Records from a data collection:
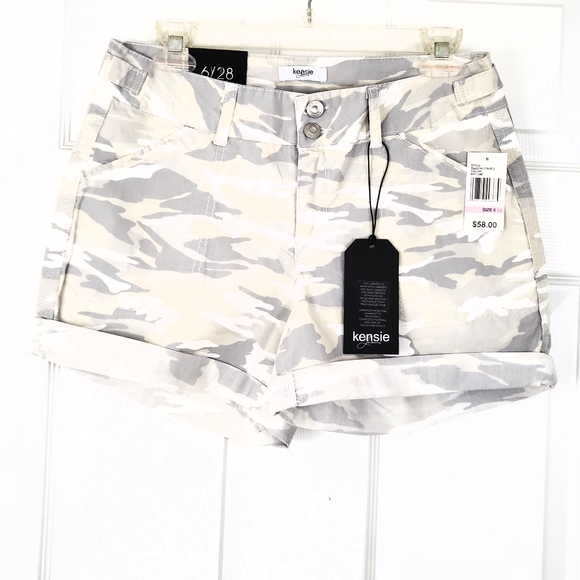 Kensie Pants - Kensie White Camo Shorts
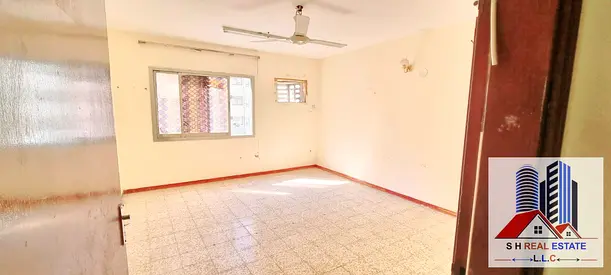 Huge Studio available with separate kitchen like mini 1bhk available in less price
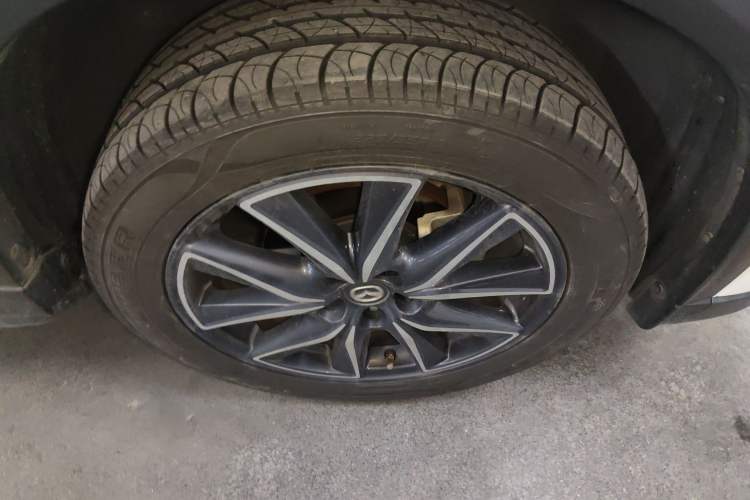 Used Mazda CX-5 2017 2.5L Automatic 4x4 Flagship Version China V Standard Right Front Wheel Hub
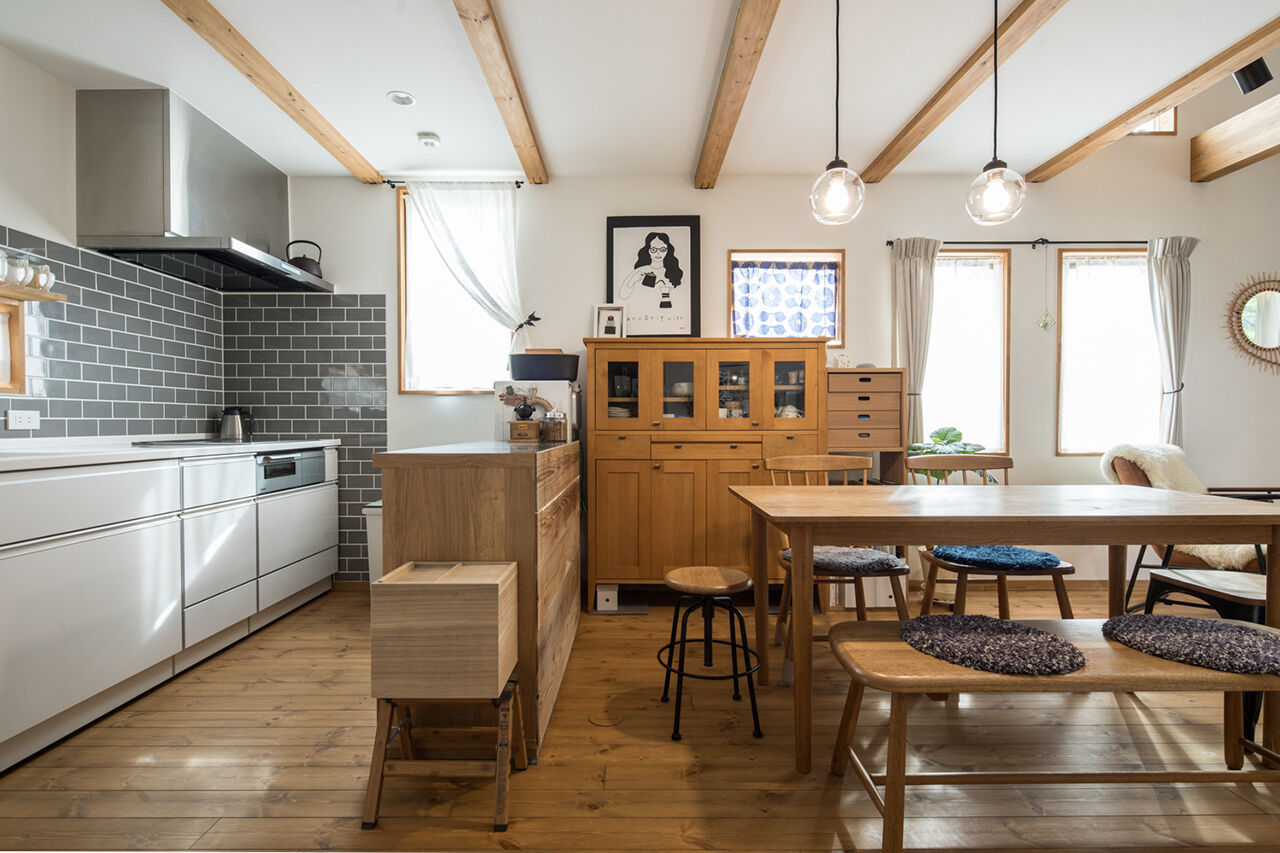 日興ホーム 【2000万円台/お気に入りの家具/96.05平米/間取り図有】1・2階をつなぐ吹抜けで面積以上の開放感！の建築実例画像2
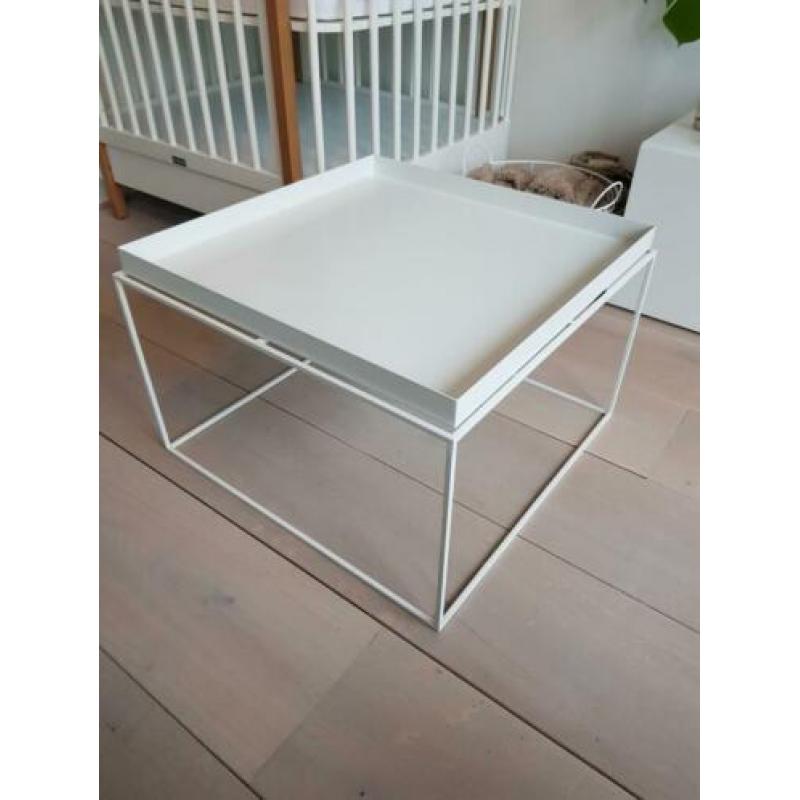 HaY TraY Table wit 60x60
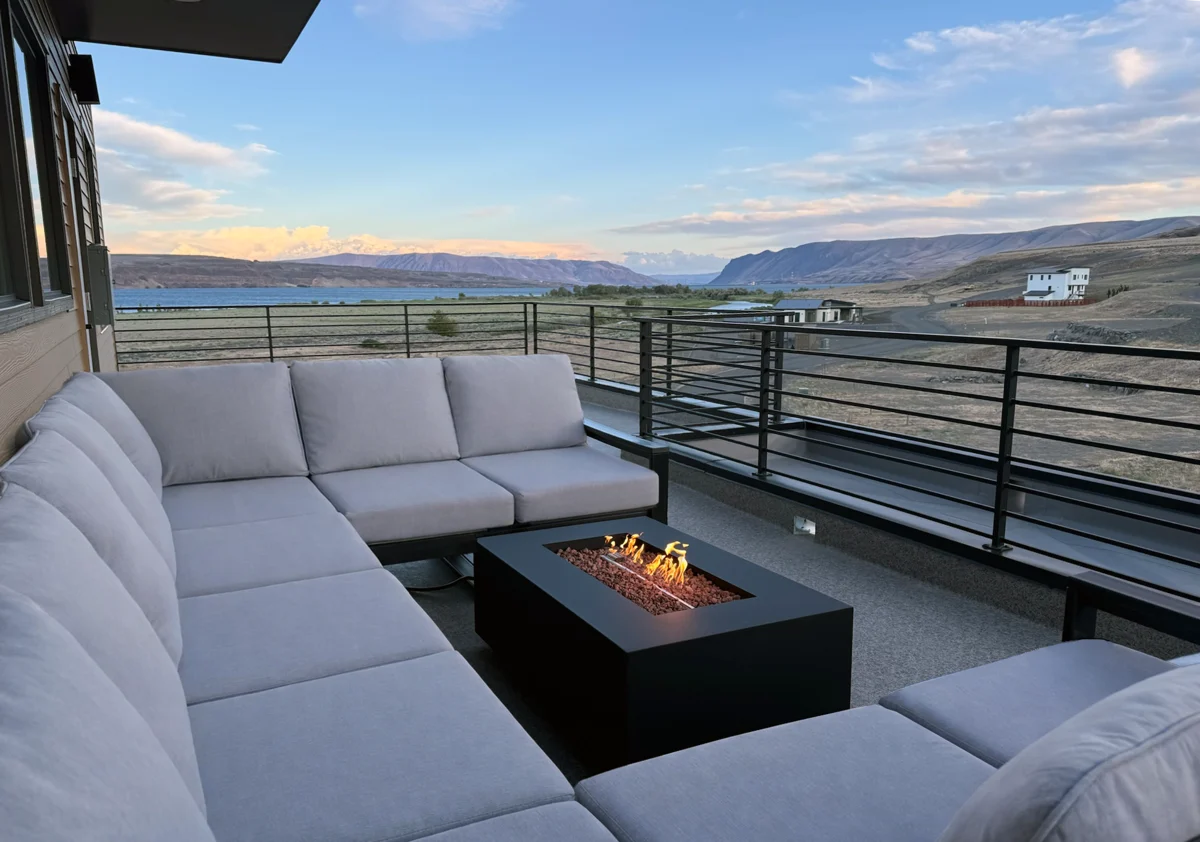 Home in Vantage property photo 2
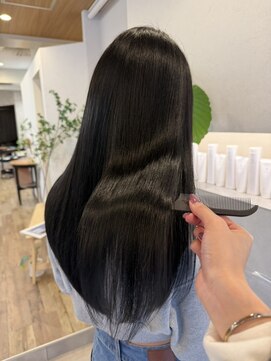 ウタリ(utari) 艶々黒髪ロング【難波 桜川/髪質改善】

## PROBLEM REQUIREMENTS
Please repeat, exactly and with nothing else, the lines from the one containing "Huge Studio available" to the last line of the entries, both included, excluding any pictures.

## TASK ANSWER
 Huge Studio available with separate kitchen like mini 1bhk available in less price
 Used Mazda CX-5 2017 2.5L Automatic 4x4 Flagship Version China V Standard Right Front Wheel Hub
 日興ホーム 【2000万円台/お気に入りの家具/96.05平米/間取り図有】1・2階をつなぐ吹抜けで面積以上の開放感！の建築実例画像2
 HaY TraY Table wit 60x60
 Home in Vantage property photo 2
 ウタリ(utari) 艶々黒髪ロング【難波 桜川/髪質改善】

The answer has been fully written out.